Ausnutzung und Verdrängung.
Steuerungsprobleme der SED-Mittelstandspolitik 1955-1972.
Frank Ebbinghaus
Die Vernichtung des gewerblichen Mittelstandes gilt als Menetekel für den SED-Staat. In mehreren Schüben waren bis 1972 Zehntausende besonders versorgungsrelevanter kleiner und mittlerer Betriebe sozialisiert bzw. liquidiert worden. Wo die Forschung bislang eine monolithisch-ideologiekonforme Politik am Werke sah, hebt der Verfasser deren Brüchigkeit und innere Widersprüchlichkeit hervor. Das Motiv ökonomischer Ausnutzung der besonders versorgungsrelevanten Produktionskapazitäten stand unvermittelt neben dem politischen Impuls, Privateigentum an Produktionsmitteln auszumerzen. Letzterer gewann vor allem während der Herrschaftskrisen in den späten fünfziger Jahren und Anfang der siebziger Jahre die Oberhand – mit schwerwiegenden Folgen.

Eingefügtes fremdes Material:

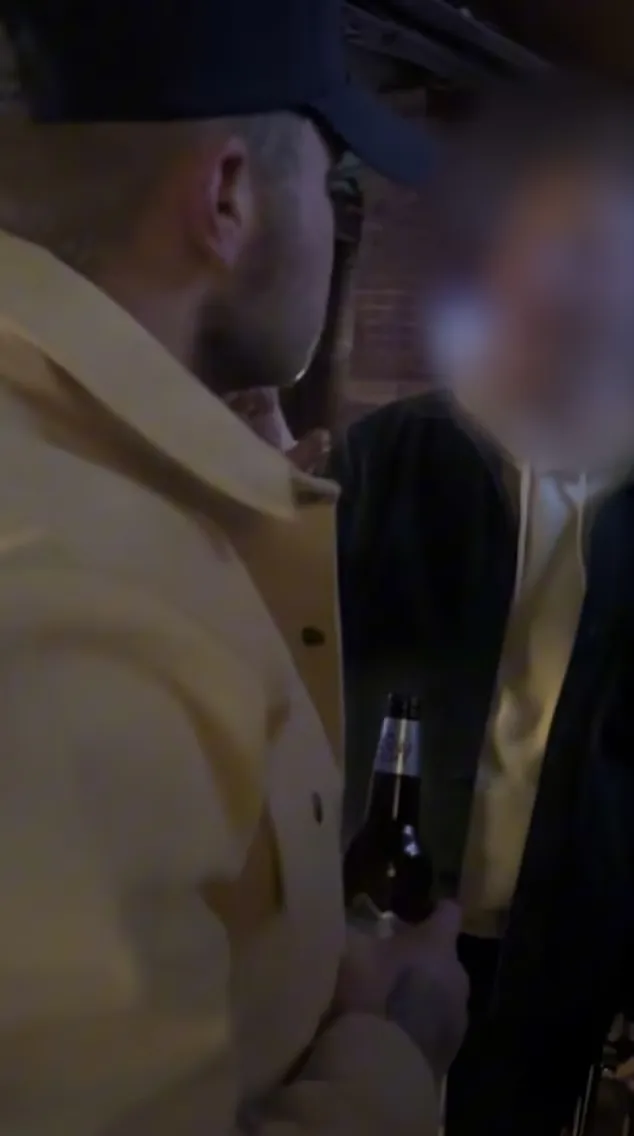 Country Star Zach Bryan Caught on Camera Making Homophobic Remarks at NYC Bar 3 Country Star Zach Bryan Caught on Camera Making Homophobic Remarks at NYC Bar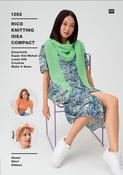 Shawl, Shirt &amp; Ribbon in Rico Essentials Super Kid Mohair Loves Silk (1282)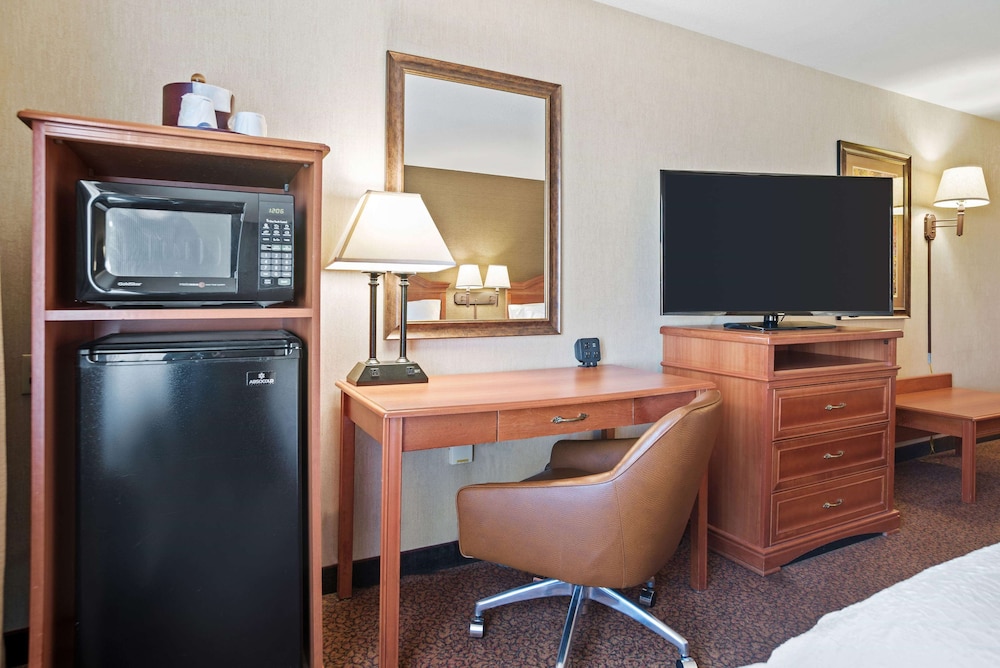 work area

Gestützt auf einen breiten Fundus von Archivmaterial und Forschungsergebnissen zeigt Frank Ebbinghaus, daß der Privatsektor in der DDR stets am Faden der großen Politik hing. Das gilt für das Jahr 1955, als Chruschtschow eine Bestandsgarantie für die „sozialistischen Errungenschaften“ der DDR ausgab, aber auch für die Phase des Machtwechsels von Ulbricht zu Honecker, in deren Folge der neue Machthaber zu einem strikten Abgrenzungskurs gegenüber der Bundesrepublik verpflichtet war. Für die SED bot die Mittelstandspolitik ein Feld der Krisenableitung, auf dem sich der Primat der Politik mit den ökonomischen Imperativen der sozialistischen Gesellschaft versöhnen sollte. In der Praxis zog dies jedoch konfliktreiche Abstimmungsprozesse zwischen den beteiligten Institutionen nach sich. Als Folge radikalisierten sich die ideologischen Ziele zu Lasten der ökonomischen. So wurde den Selbstzerstörungskräften des SED-Staates Auftrieb verliehen.